[Image-text web data]
□ □ □

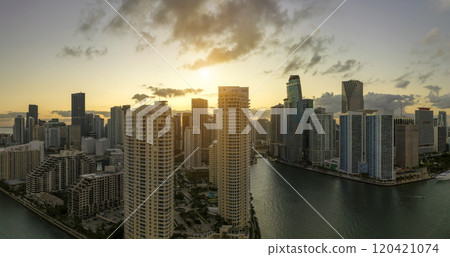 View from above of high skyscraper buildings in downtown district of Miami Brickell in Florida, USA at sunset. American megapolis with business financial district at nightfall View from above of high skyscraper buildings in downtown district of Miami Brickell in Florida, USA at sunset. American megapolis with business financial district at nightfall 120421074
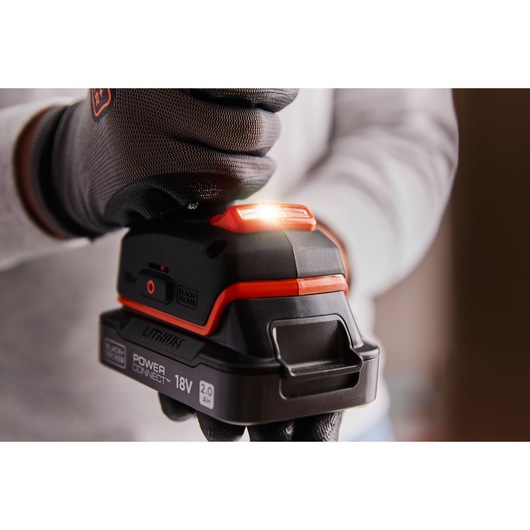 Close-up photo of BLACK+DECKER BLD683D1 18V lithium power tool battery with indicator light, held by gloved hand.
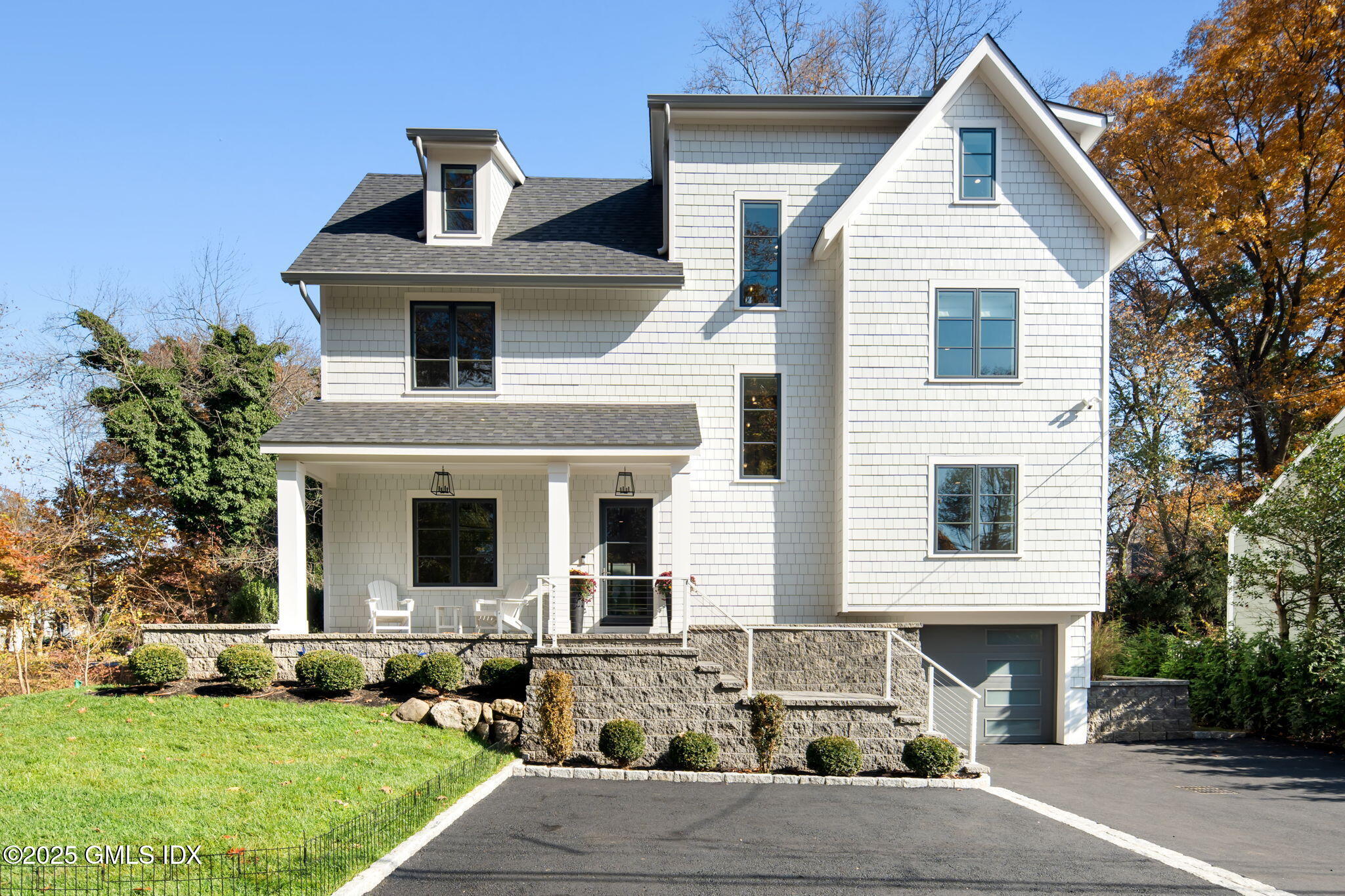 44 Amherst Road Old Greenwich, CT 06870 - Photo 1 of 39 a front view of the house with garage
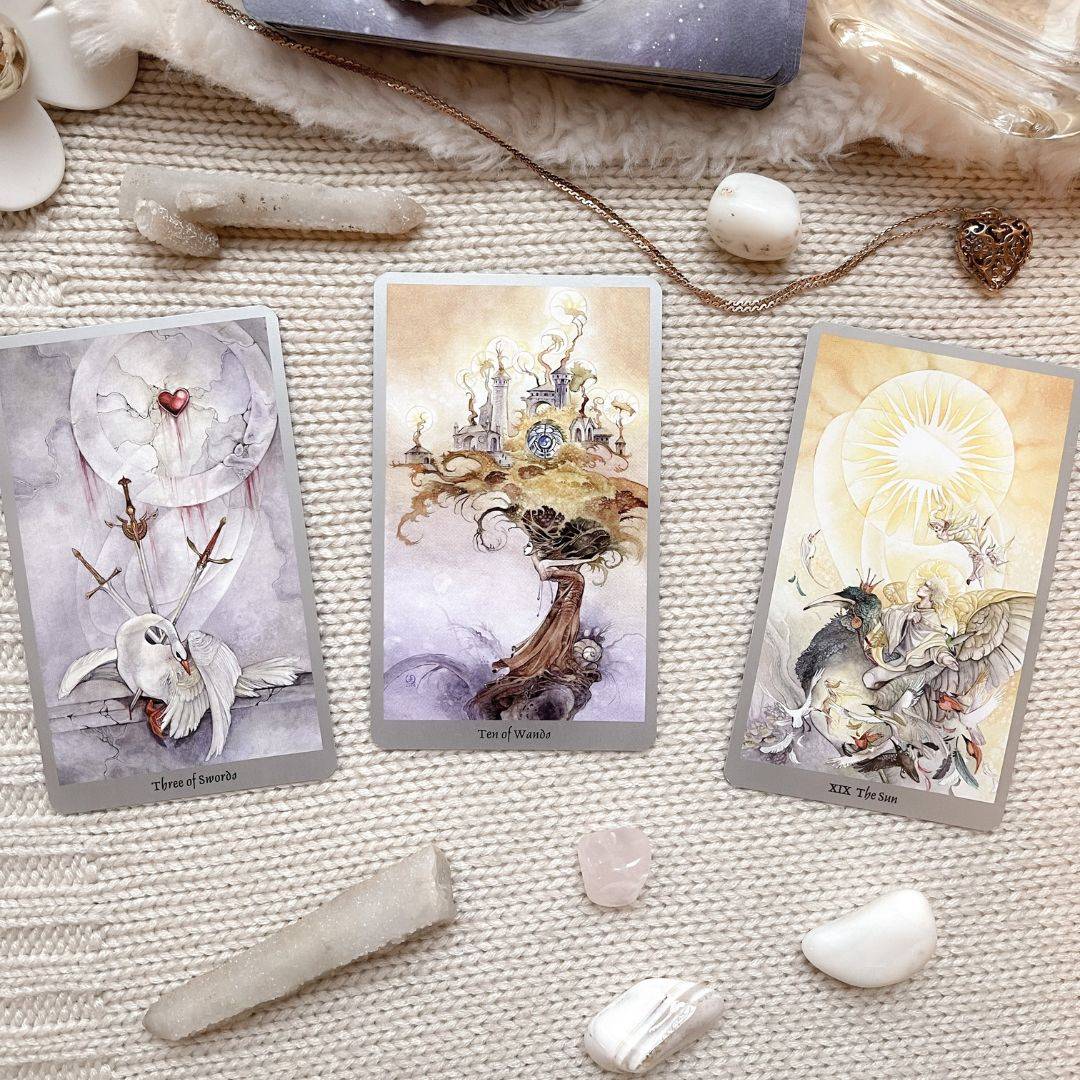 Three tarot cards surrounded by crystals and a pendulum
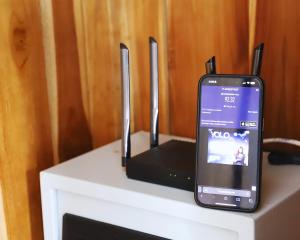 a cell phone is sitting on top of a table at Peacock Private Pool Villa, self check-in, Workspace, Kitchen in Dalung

□ □ □

● What is being asked
From the line containing "44 Amherst Road" down to the last line of the records above, repeat every line exactly and nothing else, dropping any pictures.

● Output for this exercise
 44 Amherst Road Old Greenwich, CT 06870 - Photo 1 of 39 a front view of the house with garage
 Three tarot cards surrounded by crystals and a pendulum
 a cell phone is sitting on top of a table at Peacock Private Pool Villa, self check-in, Workspace, Kitchen in Dalung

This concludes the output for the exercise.